Ninguém da família estava em casa enquanto a polícia prosseguia com a busca de algo que não se sabe o quê, sem qualquer mandato judicial, mas que ocorreu a luz do dia e resultou também na escavação de vários pontos do jardim da casa. “A porta da gaiola das codornas foi aberta, e elas comidas por predadores. Até mesmo uma fossa ecológica foi escavada, tendo o cano quebrado”, completa a CLADEM, exigindo ações concretas para responsabilizar os autores das violações de diretos contra as advogadas Paula Lopes e Valéria Santos.

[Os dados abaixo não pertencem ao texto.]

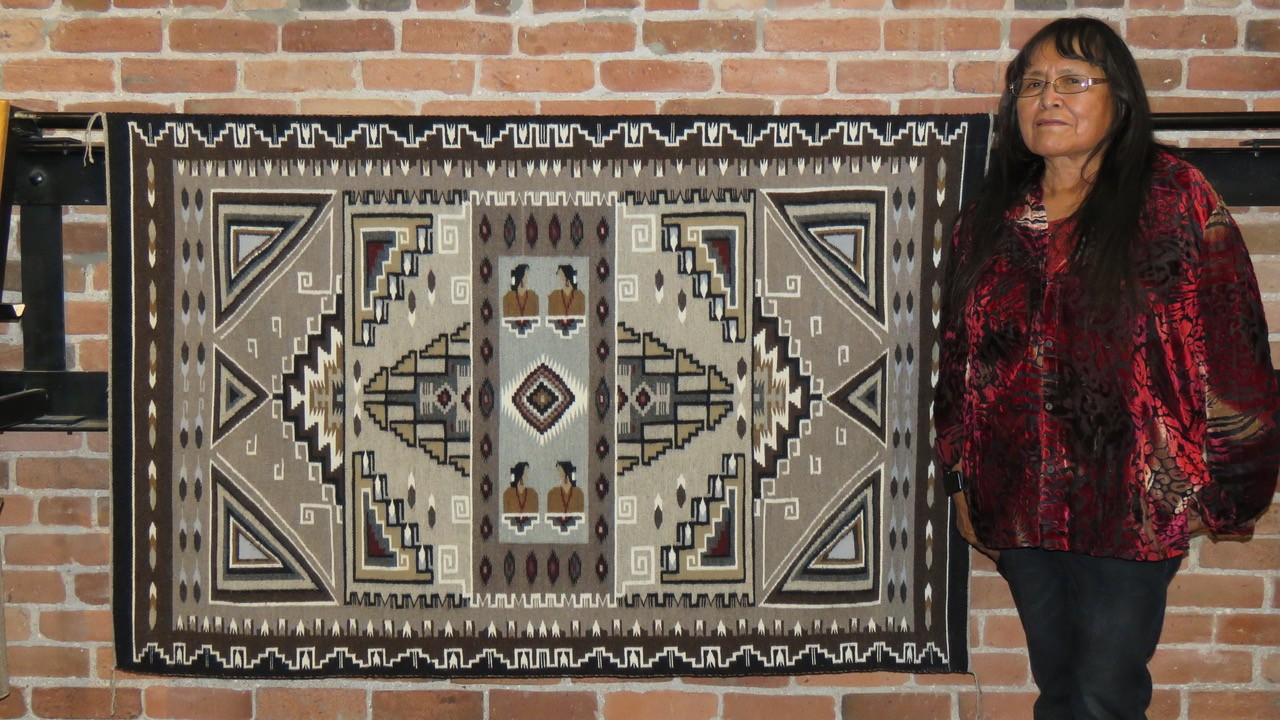 woman standing next to rug with geometric patterns
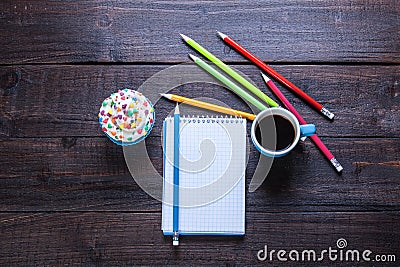 Pencils, coffee, cupcake and notebook Stock Photo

“Lamentamos e repudiamos profundamente ambas as ações estatais que, somadas, a um só golpe, tornaram ainda mais cambaleantes o Estado Democrático de Direito brasileiro. Um Estado que, mais uma vez, demonstra sob a câmera sua face racista, autoritária e, por suposto, violenta contra mulheres negras, trabalhadoras, defensoras de direitos humanos”.
De fato está cada vez mais perceptível uma escalada da violência institucional do Estado brasileiro, se antes ficava mais restrita a população de baixa renda e nas periferias, longe dos olhares dos principais meios de comunicação, agora parece não haver mais tanto pudor na apresentação de face autoritária do sistema.
Nesta terça-feira (11), por 3 votos a 2, a Primeira Turma do Supremo Tribunal Federal (STF) rejeitou uma denúncia feita pela Procuradoria-Geral da República contra o deputado e candidato a presidente Jair Bolsonaro (PSL), por crime de racismo.
Durante uma palestra que deu no Clube Hebraica do Rio de Janeiro, ano passado, Bolsonaro criticou a população de quilombos usando frases comparando as famílias locais com animais criados para o abate.
“Eu fui em um quilombola em Eldorado Paulista. Olha, o afrodescendente mais leve lá pesava sete arrobas”, disse Bolsonaro, em seguida afirmando que quilombolas “não fazem nada”, “nem para procriar eles servem mais”.
Quilombos são comunidades localizadas no interior de várias cidades do país e que foram o foco da resistência contra a escravidão no Brasil, formada originalmente por homens e mulheres que fugiram no período da escravidão. Atualmente, os descendentes dessas comunidades, junto com outros movimentos sociais camponeses, se articulam pelo direito de territórios.
Para a PRG, o discurso de Bolsonaro incita o ódio, ferindo o artigo 20 da Lei do Crime Racial, mas os ministros Marco Aurélio, Luiz Fux e Alexandre de Moraes, que rejeitaram a denúncia contra o candidato pelo PSL, não enxergaram desta forma, considerando que as falas foram ditas num contexto de crítica política, não enxergando qualquer atitude racista.
Bolsonaro responde a outra ação penal que tramita no Supremo, sob a acusação de crime de estupro quando disse, em uma sessão na Câmara em 2014, à deputada Maria do Rosário (PT-RS) que só não a estupraria porque não merecia.